_The data_:
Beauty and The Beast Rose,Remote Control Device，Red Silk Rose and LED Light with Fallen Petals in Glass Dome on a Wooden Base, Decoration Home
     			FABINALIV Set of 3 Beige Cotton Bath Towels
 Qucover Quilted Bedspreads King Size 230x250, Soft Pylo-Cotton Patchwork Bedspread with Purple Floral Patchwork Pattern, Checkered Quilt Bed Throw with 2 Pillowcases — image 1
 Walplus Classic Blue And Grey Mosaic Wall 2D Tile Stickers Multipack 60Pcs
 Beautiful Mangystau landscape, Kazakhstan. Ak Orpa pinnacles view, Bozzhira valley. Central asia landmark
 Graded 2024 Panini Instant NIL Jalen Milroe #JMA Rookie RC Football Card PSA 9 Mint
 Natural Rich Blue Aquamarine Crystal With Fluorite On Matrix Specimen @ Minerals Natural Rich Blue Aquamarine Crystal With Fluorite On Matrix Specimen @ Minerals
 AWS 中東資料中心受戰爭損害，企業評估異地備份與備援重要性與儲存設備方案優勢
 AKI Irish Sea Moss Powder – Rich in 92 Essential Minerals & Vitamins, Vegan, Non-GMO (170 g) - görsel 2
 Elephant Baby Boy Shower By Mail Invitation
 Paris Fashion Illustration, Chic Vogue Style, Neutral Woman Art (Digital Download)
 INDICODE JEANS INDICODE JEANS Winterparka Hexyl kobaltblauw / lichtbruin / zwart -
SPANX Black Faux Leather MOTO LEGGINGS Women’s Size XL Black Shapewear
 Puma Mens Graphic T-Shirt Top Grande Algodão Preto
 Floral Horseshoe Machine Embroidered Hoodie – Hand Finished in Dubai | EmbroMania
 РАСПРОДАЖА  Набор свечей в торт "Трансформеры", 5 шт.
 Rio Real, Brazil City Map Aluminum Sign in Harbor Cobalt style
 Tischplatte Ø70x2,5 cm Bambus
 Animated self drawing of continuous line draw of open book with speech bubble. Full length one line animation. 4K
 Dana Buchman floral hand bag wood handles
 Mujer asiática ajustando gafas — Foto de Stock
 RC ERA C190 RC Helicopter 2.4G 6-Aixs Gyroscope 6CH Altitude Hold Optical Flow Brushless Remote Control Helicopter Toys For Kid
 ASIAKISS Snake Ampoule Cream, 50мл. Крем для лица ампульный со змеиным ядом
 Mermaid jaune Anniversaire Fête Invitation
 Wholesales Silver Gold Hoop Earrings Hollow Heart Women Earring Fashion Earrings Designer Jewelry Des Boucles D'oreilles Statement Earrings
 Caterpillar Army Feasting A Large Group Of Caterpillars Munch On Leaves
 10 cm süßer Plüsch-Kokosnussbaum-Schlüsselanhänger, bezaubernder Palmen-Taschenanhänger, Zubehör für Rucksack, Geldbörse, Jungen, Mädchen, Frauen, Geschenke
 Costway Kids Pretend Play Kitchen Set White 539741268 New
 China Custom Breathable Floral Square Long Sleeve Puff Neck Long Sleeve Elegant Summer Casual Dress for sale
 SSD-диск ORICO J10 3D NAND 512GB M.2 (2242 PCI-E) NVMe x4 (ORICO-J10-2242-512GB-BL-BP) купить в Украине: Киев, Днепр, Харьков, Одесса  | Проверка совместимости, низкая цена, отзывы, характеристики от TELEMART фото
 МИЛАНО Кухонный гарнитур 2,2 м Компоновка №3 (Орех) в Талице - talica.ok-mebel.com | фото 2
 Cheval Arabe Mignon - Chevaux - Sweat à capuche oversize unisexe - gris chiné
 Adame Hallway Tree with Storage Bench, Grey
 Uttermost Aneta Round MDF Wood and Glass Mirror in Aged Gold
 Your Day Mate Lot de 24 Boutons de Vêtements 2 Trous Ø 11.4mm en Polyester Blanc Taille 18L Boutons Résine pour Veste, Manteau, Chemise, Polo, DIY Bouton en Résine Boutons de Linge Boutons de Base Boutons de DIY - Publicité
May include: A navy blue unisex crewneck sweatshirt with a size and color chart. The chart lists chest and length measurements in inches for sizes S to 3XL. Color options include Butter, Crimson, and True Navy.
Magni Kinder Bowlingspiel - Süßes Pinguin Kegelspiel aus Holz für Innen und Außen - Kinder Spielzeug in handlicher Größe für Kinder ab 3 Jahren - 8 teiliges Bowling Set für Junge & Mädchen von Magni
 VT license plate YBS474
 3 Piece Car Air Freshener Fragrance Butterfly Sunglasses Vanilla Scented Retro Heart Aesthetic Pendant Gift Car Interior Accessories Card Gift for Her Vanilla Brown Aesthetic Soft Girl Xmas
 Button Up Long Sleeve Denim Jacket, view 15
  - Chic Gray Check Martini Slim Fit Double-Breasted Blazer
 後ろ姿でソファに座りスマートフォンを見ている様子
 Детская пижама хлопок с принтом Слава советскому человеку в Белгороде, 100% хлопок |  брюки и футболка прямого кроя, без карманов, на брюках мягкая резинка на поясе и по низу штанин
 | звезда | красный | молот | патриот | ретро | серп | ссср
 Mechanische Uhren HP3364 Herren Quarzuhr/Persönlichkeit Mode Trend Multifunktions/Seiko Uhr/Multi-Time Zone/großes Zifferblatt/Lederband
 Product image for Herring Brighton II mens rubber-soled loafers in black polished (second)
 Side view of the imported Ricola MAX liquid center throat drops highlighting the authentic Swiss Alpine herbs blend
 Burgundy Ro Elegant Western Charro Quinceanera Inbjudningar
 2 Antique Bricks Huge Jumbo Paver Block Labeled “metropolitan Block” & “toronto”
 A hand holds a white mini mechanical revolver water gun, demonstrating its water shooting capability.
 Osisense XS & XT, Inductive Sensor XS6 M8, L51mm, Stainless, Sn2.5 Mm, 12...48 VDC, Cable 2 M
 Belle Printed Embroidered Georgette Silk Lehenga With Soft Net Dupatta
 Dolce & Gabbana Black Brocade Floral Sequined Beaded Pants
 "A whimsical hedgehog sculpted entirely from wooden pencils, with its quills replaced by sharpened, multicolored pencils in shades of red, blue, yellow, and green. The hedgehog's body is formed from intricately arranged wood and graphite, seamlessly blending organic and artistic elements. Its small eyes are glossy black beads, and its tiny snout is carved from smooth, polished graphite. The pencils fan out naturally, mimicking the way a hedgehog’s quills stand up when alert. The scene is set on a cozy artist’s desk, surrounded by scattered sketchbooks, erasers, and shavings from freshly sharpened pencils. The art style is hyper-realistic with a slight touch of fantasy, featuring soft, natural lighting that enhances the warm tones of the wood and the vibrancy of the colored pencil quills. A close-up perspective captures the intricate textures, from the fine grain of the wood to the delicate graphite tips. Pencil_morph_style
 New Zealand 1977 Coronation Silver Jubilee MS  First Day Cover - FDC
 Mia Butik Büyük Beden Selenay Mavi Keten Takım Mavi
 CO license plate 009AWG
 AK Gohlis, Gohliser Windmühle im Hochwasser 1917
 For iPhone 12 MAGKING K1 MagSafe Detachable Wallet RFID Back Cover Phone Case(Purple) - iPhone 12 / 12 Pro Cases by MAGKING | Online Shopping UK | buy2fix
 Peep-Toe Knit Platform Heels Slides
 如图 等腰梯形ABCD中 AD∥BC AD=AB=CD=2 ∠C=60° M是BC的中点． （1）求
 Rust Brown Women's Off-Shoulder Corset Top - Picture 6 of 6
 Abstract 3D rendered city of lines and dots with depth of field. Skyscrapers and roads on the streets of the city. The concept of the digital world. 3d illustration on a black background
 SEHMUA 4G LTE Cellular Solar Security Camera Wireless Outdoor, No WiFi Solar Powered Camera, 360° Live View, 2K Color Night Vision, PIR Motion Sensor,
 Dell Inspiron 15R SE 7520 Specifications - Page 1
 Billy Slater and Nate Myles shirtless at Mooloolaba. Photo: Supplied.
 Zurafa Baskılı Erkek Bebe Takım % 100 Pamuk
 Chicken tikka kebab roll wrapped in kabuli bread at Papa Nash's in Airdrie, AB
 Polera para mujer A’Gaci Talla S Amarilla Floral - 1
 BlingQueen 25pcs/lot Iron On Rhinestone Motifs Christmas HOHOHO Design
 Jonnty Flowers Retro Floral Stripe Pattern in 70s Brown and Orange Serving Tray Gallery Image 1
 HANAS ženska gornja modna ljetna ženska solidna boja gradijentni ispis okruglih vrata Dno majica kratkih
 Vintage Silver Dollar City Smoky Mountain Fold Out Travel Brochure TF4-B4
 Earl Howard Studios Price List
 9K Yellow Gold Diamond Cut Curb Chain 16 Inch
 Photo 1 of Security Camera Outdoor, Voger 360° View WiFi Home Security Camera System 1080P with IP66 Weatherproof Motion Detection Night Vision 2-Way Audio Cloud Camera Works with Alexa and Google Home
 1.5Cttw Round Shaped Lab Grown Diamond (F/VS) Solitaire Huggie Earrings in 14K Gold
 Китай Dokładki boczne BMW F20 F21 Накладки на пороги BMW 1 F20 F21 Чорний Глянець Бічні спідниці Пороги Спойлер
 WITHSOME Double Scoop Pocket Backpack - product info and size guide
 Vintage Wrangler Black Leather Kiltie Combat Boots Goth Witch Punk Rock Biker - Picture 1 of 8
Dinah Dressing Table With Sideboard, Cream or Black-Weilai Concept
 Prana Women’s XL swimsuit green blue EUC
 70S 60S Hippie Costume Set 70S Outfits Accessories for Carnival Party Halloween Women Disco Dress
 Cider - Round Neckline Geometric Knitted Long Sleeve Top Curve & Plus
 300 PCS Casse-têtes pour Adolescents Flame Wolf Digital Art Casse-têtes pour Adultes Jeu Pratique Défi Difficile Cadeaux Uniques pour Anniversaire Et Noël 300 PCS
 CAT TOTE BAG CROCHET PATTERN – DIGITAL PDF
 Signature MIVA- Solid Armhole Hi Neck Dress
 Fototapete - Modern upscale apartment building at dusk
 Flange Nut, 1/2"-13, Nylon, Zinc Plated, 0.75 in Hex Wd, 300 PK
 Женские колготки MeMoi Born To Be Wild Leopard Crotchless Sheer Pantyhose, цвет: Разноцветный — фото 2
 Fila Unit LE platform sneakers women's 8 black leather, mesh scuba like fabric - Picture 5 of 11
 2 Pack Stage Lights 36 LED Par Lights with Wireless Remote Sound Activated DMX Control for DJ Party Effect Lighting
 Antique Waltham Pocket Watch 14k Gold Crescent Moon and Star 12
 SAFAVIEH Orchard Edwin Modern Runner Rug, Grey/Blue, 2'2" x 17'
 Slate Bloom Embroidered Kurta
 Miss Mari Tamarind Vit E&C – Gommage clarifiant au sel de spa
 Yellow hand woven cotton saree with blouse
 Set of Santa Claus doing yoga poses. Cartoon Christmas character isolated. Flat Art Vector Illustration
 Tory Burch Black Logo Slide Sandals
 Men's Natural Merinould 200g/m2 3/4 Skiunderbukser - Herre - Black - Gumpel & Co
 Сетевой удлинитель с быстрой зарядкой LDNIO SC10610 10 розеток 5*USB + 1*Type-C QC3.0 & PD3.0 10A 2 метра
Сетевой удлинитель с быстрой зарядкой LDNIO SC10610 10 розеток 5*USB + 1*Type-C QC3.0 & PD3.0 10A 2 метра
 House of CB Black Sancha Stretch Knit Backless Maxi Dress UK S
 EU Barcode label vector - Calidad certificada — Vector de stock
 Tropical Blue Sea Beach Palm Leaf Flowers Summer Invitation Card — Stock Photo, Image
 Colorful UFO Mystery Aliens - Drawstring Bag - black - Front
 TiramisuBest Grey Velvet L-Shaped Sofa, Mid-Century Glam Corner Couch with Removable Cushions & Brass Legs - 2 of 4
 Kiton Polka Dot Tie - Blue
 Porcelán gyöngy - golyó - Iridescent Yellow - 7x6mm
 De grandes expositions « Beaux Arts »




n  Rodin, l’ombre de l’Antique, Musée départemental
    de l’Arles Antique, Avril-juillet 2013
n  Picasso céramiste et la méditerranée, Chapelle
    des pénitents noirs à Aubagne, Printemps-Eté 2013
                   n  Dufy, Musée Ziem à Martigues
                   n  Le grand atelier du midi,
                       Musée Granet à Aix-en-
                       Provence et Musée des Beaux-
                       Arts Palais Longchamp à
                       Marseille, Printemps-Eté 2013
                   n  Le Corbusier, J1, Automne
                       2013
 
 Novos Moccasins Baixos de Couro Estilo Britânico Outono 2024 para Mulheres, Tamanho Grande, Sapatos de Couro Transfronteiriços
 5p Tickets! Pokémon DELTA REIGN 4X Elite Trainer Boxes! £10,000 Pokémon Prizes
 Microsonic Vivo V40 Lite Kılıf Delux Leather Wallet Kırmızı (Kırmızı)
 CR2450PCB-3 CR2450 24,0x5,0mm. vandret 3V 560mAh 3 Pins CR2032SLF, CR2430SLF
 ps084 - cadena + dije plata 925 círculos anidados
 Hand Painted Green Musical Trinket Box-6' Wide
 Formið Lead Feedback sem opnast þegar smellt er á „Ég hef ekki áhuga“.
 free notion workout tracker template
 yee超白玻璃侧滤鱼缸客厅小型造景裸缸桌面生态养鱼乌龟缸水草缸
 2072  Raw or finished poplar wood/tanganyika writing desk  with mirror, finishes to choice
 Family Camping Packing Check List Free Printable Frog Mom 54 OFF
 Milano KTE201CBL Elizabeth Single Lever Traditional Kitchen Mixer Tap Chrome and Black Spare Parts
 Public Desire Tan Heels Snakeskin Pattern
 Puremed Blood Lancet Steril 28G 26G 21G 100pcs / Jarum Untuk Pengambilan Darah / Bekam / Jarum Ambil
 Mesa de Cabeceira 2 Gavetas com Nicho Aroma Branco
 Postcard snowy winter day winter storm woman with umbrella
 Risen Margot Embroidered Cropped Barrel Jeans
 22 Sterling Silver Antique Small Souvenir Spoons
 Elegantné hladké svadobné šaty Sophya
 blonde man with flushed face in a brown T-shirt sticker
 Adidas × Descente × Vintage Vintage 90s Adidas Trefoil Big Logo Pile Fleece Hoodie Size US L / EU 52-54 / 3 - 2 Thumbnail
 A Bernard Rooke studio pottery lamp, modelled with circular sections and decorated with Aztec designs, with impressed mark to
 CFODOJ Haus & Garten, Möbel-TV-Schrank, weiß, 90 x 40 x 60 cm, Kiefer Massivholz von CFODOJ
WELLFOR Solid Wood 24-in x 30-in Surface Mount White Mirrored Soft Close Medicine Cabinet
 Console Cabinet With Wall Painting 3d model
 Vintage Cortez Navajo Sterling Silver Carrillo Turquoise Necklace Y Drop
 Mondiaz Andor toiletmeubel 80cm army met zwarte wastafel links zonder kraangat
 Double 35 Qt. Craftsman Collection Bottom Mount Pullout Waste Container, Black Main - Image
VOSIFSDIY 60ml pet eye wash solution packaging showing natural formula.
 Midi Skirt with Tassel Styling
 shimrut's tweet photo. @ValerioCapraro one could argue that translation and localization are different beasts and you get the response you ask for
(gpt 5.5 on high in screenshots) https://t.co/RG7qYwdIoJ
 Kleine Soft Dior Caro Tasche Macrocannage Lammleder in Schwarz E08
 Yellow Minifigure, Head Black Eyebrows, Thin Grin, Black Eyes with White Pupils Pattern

_Instructions to follow_:
Out of the listing above, reproduce exactly the lines from the one with "AKI Irish Sea" up to and including the one with "China Custom Breathable".

_Task output_:
 AKI Irish Sea Moss Powder – Rich in 92 Essential Minerals & Vitamins, Vegan, Non-GMO (170 g) - görsel 2
 Elephant Baby Boy Shower By Mail Invitation
 Paris Fashion Illustration, Chic Vogue Style, Neutral Woman Art (Digital Download)
 INDICODE JEANS INDICODE JEANS Winterparka Hexyl kobaltblauw / lichtbruin / zwart -
SPANX Black Faux Leather MOTO LEGGINGS Women’s Size XL Black Shapewear
 Puma Mens Graphic T-Shirt Top Grande Algodão Preto
 Floral Horseshoe Machine Embroidered Hoodie – Hand Finished in Dubai | EmbroMania
 РАСПРОДАЖА  Набор свечей в торт "Трансформеры", 5 шт.
 Rio Real, Brazil City Map Aluminum Sign in Harbor Cobalt style
 Tischplatte Ø70x2,5 cm Bambus
 Animated self drawing of continuous line draw of open book with speech bubble. Full length one line animation. 4K
 Dana Buchman floral hand bag wood handles
 Mujer asiática ajustando gafas — Foto de Stock
 RC ERA C190 RC Helicopter 2.4G 6-Aixs Gyroscope 6CH Altitude Hold Optical Flow Brushless Remote Control Helicopter Toys For Kid
 ASIAKISS Snake Ampoule Cream, 50мл. Крем для лица ампульный со змеиным ядом
 Mermaid jaune Anniversaire Fête Invitation
 Wholesales Silver Gold Hoop Earrings Hollow Heart Women Earring Fashion Earrings Designer Jewelry Des Boucles D'oreilles Statement Earrings
 Caterpillar Army Feasting A Large Group Of Caterpillars Munch On Leaves
 10 cm süßer Plüsch-Kokosnussbaum-Schlüsselanhänger, bezaubernder Palmen-Taschenanhänger, Zubehör für Rucksack, Geldbörse, Jungen, Mädchen, Frauen, Geschenke
 Costway Kids Pretend Play Kitchen Set White 539741268 New
 China Custom Breathable Floral Square Long Sleeve Puff Neck Long Sleeve Elegant Summer Casual Dress for sale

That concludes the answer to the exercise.